On Tuesday night, at our weekly all-staff meeting, we had our final discussion to set the direction of our next game, which will launch “in June” (we hope!) as a replacement for one of our Space Stations. For those of you interested in how the design process works, here’s a little behind-the-scene glimpse of the first stage: choosing a scenario.
What is a scenario? Initially, we used the term “scenarios” to refer to what we now call “games” (the Crypt, the Gallery, the Space Station, etc.). Now, we use it internally in the context of game design to refer to an aspect of that design. The operative “scenario” questions are:
- What kind of world do we want to build?
- What kind of story do we want to tell?
- What do we want people to feel when they enter and as they play?
- How is this different from what we’ve done before?
From the beginning, Max and I had an unspoken philosophy of “puzzles first.” Our approach was to create a mentally stimulating team challenge; our puzzles and game flow were the meat and the bones of the experience we were creating. The trappings it wore (décor, light and sound, and lastly narrative) were dictated by the game’s underlying form, and to be honest, they were secondary to our design.
Fast-forward two and a half years. We’re still unabashed puzzle mavens – and, having played a lot of other escape rooms around the country, we’re still pretty convinced that the quantity, diversity, and creativity of our game “skeleton” is second to none – but we’ve also had the chance to learn from other designers, from the perspectives and talents of our growing staff, and from the tens of thousands of players who have come through our doors.
It turns out that different players place very different “weights” on different parts of their experience. Some groups are well-oiled puzzle-solving machines: to these players, Escape New Haven is a personal challenge, or a mental gym, or a creative outlet. Others come primarily to connect with their teams – to be put in a situation where they’re forced to work together and communicate in new ways. Still others are here to be immersed in a fantasy land: they’re looking for a tangible version of the type of world, narrative, or story that can otherwise only be found in a video game or a book. And for enthusiasts who have played lots of escape games (I think my count is somewhere in the 40s, but I’ve lost track), what we’re looking for in an escape room as players has probably evolved over time, or might even change day to day depending on the situation and who we’re playing with.
So as we’ve grown as a design team, we’ve come to see décor and narrative in a new light. We’ve given more weight to its intrinsic importance, and our emphasis on production has evolved dramatically from the very first game we beta tested in 2014 (who remembers The Workshop, aka “the game we didn’t want to bother decorating”?) to an experience like The Crypt, which (without giving too much away) regularly gives teams the chills as they progress from the dressing room into the movie set itself. And we continue to evolve. In our upcoming game, we have new goals for storytelling:
- Make each major plot development important and unavoidable. Everyone should experience every major piece of the plot. Unless you’re truly in tunnel vision mode, you won’t miss or misunderstand what’s going on.

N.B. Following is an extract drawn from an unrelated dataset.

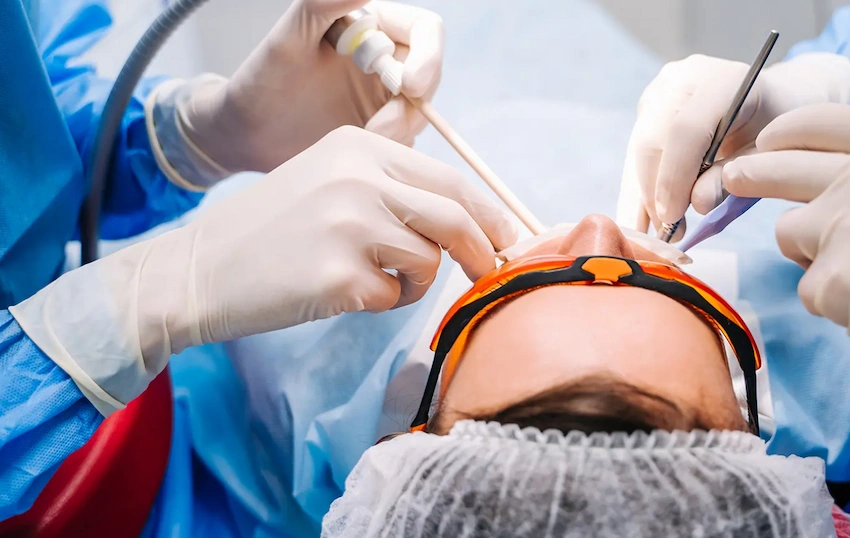 alveoloplasty oral surgery procedure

- Make sure that plot and puzzles are interconnected. Understanding the plot helps you solve the puzzles, and it’s also clear to everyone (within the context of the plot) why each puzzle needs to be solved.
- Include Easter eggs. (Not #eggscapenewhaven Easter eggs. Sorry. That’s coming up, though, so keep an eye out!) Design some small, non-compulsory interactions for those who are less interested in solving the puzzles than they are in exploring the world.

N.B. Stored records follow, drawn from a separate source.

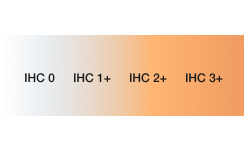 HER2 IHC scores range graphic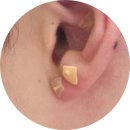 후니쇼핑몰 | 이혈침 추천 셀비오 이어밸런스 귀지압패치 후기!!!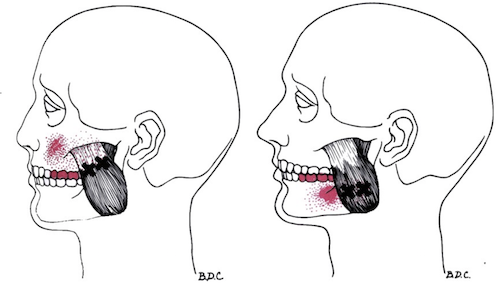 Masseter toothache referral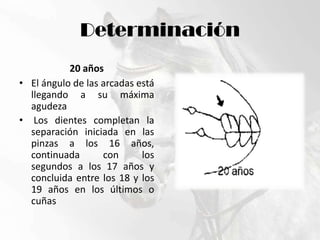 Determinación20 añosEl ángulo de las arcadas está llegando a su máxima agudeza Los dientes completan la separación iniciada en las pinzas a los 16 años, continuada con los segundos a los 17 años y concluida entre los 18 y los 19 años en los últimos o cuñas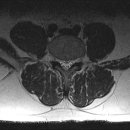 엠알아이 이미지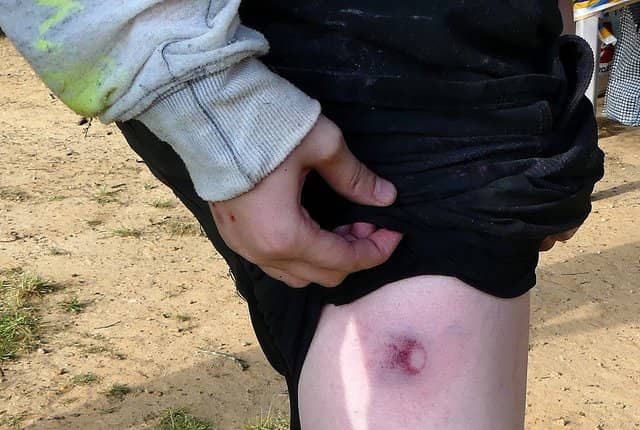 How Much Does Airsoft Hurt? How to Reduce The Pain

So these days, when we sit down as a full staff to pitch ideas for our next game, our first order of business is to figure out what kinds of scenarios really excite us. Besides answering the four questions I posed above (world, story, impressions, uniqueness), we also need to make sure that any scenario that makes the final cut is something that we can believably create. “Let’s do a room where they’re falling into the Sun” sounds really fun, and it might merit a second look, but if we can’t come up with a way of making players feel like they’re there, we’ll probably pass over that idea.

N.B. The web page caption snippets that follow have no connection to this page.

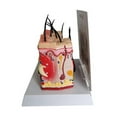 thumbnail image 5 of Skin Acne Model, Physiology Education, Doctor Anatomy Model, 5 of 5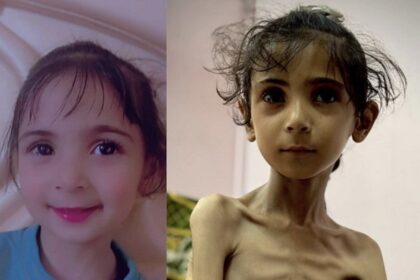 Gaza famine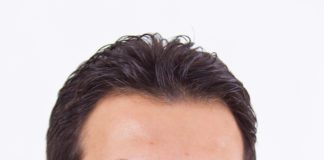 Screening cancro colon-retto, oltre 150 prenotazioni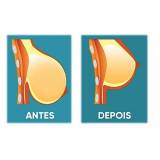 mamoplastia redutora Perdizes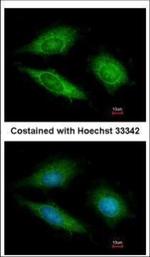 GTPBP9 Polyclonal Antibody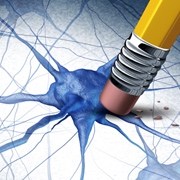 מחקר חדש קושר בין ליקוי במנגנון מרכזי בתאי המוח למחלת הסכיזופרניה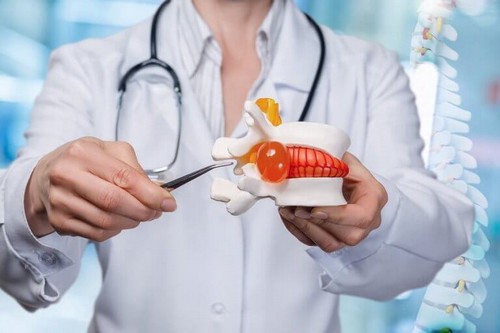 En diskusprolaps kan kræve kirurgi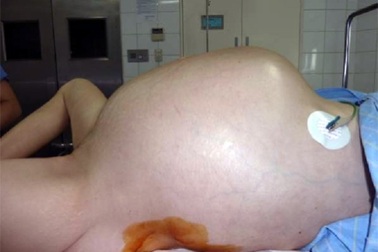 Cắt bỏ thành công khối u nặng 15 kg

Tuesday was our final set of scenario pitches, which we’ve honed in on over the past few weeks from an initial set of 5 or 6 ideas. By this week, the team had sort of coalesced into two major camps, each working on a different pitch. We went over slides, drawings, concept photos, Pinterest collections, product specs, videos, voiceovers, 3D models, and had a rousing debate over questions that ranged from, “Can we do this in a way that would excite kids as much as adults?” to, “How can we use noise pollution to our advantage?”
Ultimately we came to the conclusion that we want to proceed with both, one at a time, and that their stories will be interrelated. Of course, I won’t tell you what the two finalists were, or which we decided to go forward with first – you’ll have to wait until the launch party to find out. Just know, for now, that we’re very excited about the idea. It’s going to be different in a few major ways from any of the games we’ve designed or played before, so there’s an element of risk – I’ll talk about this, in very general terms, in a future post – but we’re also drawing on a much larger pool of talent and combined experience than we have in the past, so I’m confident we’re up to the challenge.